My code has successfully ran till the testing stage of the 3rd scenario, and then it abruptly failed at without any error messages. I’m not too sure if it’s a memory issue, after seeing that:

  • it has successfully finished the first 2 scenarios for all clients
  • the most memory intensive data preprocessing stage finished succesfully
  • the same model training/inference code can finish for the central evaluation runtime

Could you please give some pointers as to why the submission failed? Would it be due to time limit or memory limit? Thanks!

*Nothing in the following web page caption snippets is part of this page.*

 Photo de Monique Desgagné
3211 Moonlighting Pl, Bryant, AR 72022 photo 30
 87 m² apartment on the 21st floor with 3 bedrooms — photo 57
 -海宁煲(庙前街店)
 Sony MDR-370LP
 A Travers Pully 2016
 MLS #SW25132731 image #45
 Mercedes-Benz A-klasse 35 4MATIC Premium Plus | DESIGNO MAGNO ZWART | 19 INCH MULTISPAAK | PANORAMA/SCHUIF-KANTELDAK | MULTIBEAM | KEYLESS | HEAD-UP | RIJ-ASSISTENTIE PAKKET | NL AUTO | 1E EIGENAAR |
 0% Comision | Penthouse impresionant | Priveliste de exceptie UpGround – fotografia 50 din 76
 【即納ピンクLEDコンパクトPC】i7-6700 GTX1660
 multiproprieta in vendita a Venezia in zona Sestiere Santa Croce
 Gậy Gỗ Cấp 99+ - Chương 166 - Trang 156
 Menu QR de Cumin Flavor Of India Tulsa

Also, if it is indeed a time/memory issue, would you please consider increasing the limit for the runtime? From the public leaderboard it seems that not a lot of teams have successfully made a submission to the federated runtime.

Thanks!

Hi @kzliu,

For your federated smoke test submitted at 2023-01-23 20:23:47 UTC, it was likely killed because you hit the time limit of 9 hours. This is consistent with the final log message being at 2023-01-24 05:22:28 UTC.

The smoke test uses approximately 30% as much data as the normal submission, and has the time limit set to half of the time. (A normal evaluation submission for Track B has a time limit of 18 hours.)

Given that you ran out of time on the smoke test, you should consider making optimizations or adjusting hyperparameters to speed things up.

1 Like